## [Data for this exercise]
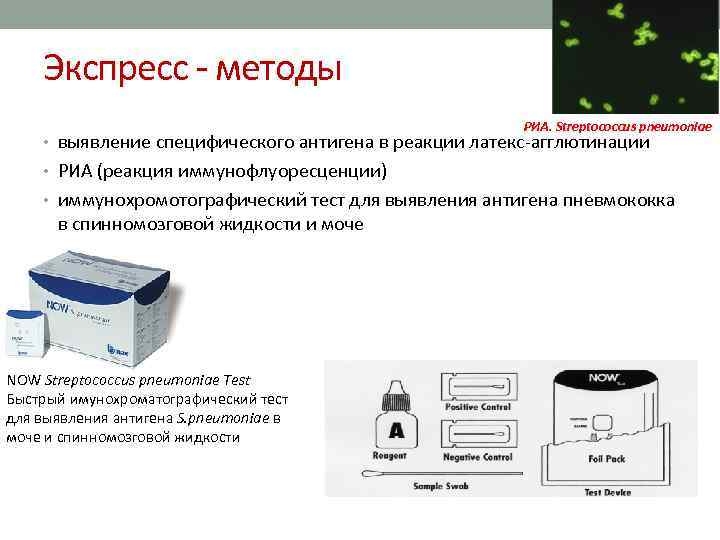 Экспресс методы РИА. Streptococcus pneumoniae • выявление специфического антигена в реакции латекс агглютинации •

* * *

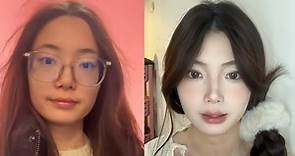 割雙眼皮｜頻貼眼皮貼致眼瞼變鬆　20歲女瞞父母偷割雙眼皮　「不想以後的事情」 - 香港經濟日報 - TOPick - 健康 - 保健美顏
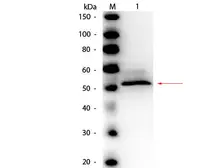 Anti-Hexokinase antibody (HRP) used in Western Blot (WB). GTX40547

## [To do]
Reproduce the data above exactly, but only the lines from the one showing "割雙眼皮｜頻貼眼皮貼致眼瞼變鬆　20歲女瞞父母偷割雙眼皮　「不想以後的事情」 - 香港經濟日報" through the one showing "Anti-Hexokinase antibody (HRP)", with both ends kept and the pictures left out.

## [Written response]
 割雙眼皮｜頻貼眼皮貼致眼瞼變鬆　20歲女瞞父母偷割雙眼皮　「不想以後的事情」 - 香港經濟日報 - TOPick - 健康 - 保健美顏
 Anti-Hexokinase antibody (HRP) used in Western Blot (WB). GTX40547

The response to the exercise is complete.